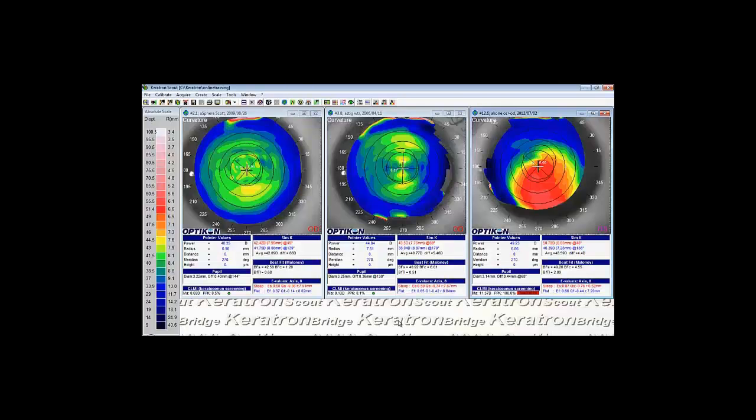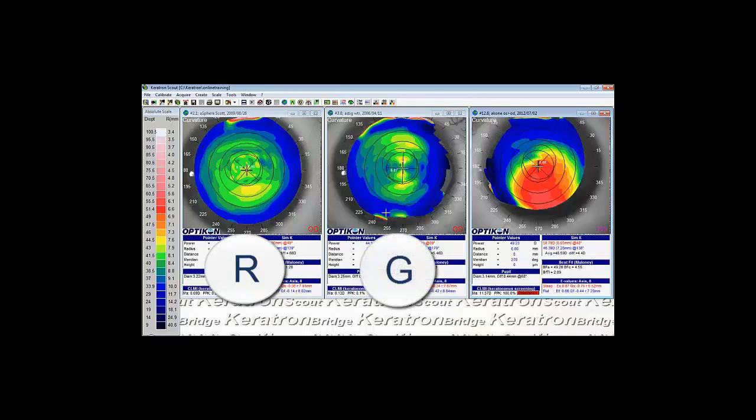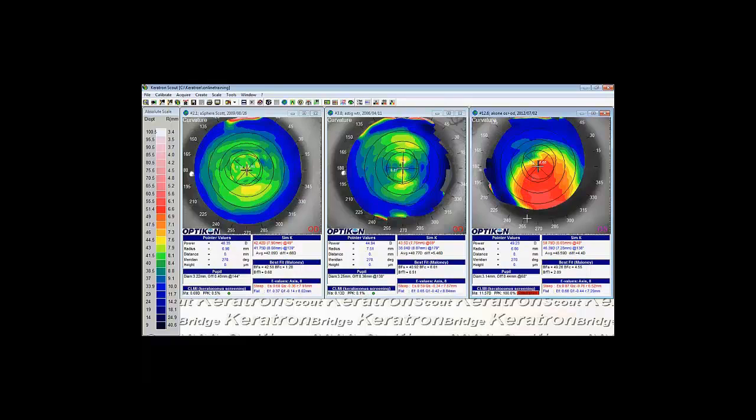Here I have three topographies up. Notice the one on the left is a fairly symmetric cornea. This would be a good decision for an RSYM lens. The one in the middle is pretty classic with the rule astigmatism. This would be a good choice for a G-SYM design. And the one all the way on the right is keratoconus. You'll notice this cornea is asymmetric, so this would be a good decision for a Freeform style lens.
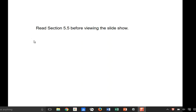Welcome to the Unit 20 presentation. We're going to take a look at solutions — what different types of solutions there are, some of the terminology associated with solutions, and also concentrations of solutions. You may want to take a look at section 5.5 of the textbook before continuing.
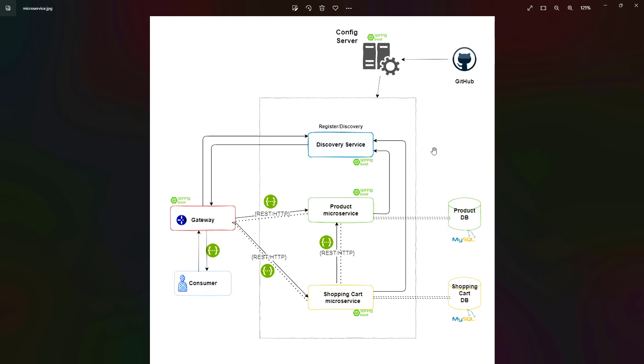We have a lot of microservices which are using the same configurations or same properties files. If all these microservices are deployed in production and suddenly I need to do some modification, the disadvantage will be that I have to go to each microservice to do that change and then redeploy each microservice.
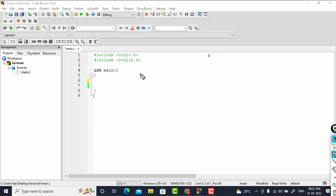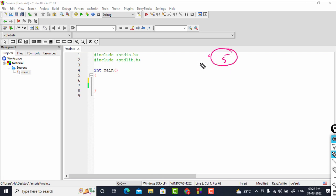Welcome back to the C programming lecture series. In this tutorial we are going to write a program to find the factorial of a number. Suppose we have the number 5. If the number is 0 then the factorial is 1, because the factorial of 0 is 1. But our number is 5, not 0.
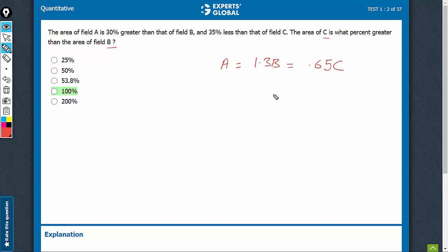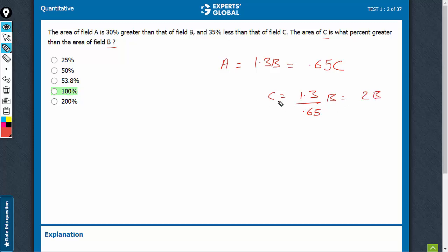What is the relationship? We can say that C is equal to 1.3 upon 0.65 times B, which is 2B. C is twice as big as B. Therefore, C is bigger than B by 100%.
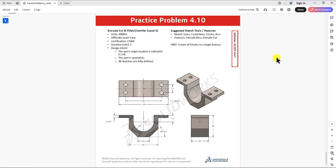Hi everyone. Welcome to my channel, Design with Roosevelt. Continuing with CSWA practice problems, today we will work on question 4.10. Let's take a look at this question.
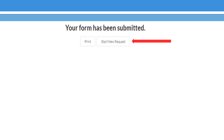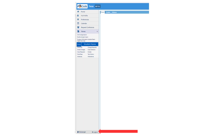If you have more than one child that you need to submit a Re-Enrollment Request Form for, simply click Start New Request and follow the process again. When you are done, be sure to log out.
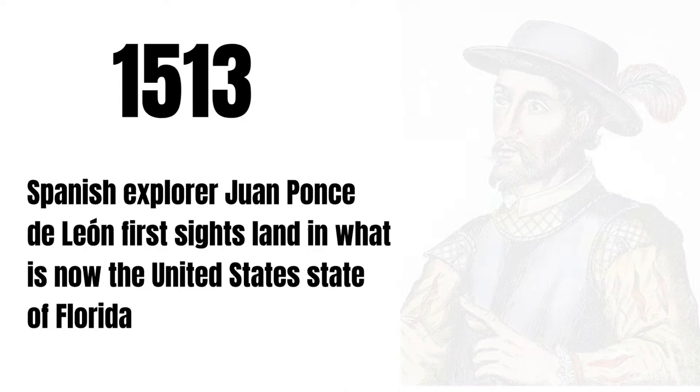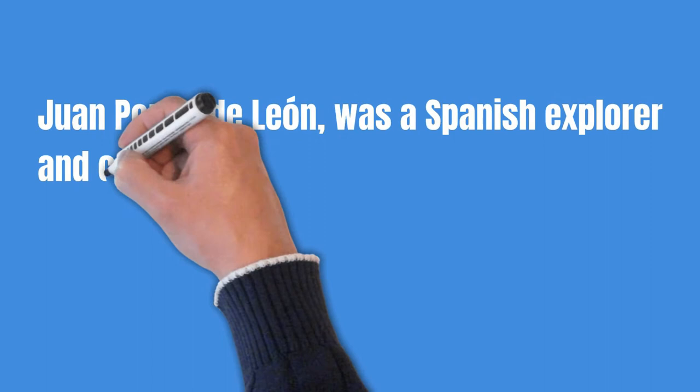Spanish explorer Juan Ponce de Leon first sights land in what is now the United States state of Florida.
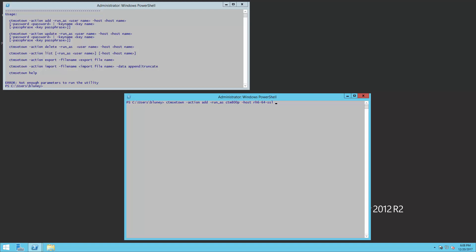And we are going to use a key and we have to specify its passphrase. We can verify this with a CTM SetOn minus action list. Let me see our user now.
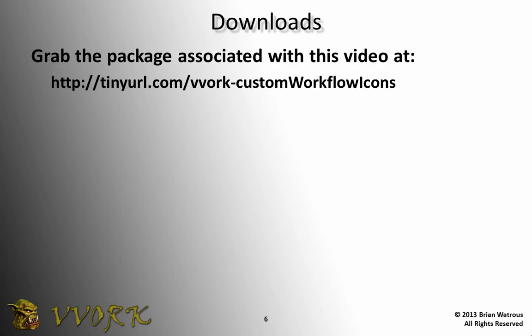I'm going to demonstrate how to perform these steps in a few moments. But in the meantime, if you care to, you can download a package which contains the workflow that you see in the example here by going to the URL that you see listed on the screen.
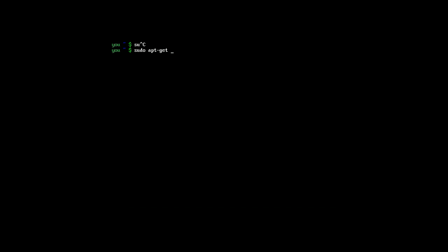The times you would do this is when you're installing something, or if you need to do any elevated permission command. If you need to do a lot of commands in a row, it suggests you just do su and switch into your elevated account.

════════════════

Task to complete
Within the listing above, find the line containing "We have a lot" and the line containing "I'm going to". Transcribe them and everything between them exactly, leaving out the pictures.

Result of the task
We have a lot of microservices which are using the same configurations or same properties files. If all these microservices are deployed in production and suddenly I need to do some modification, the disadvantage will be that I have to go to each microservice to do that change and then redeploy each microservice.
Welcome back to the C programming lecture series. In this tutorial we are going to write a program to find the factorial of a number. Suppose we have the number 5. If the number is 0 then the factorial is 1, because the factorial of 0 is 1. But our number is 5, not 0.
What is the relationship? We can say that C is equal to 1.3 upon 0.65 times B, which is 2B. C is twice as big as B. Therefore, C is bigger than B by 100%.
Hi everyone. Welcome to my channel, Design with Roosevelt. Continuing with CSWA practice problems, today we will work on question 4.10. Let's take a look at this question.
If you have more than one child that you need to submit a Re-Enrollment Request Form for, simply click Start New Request and follow the process again. When you are done, be sure to log out.
Spanish explorer Juan Ponce de Leon first sights land in what is now the United States state of Florida.
And we are going to use a key and we have to specify its passphrase. We can verify this with a CTM SetOn minus action list. Let me see our user now.
I'm going to demonstrate how to perform these steps in a few moments. But in the meantime, if you care to, you can download a package which contains the workflow that you see in the example here by going to the URL that you see listed on the screen.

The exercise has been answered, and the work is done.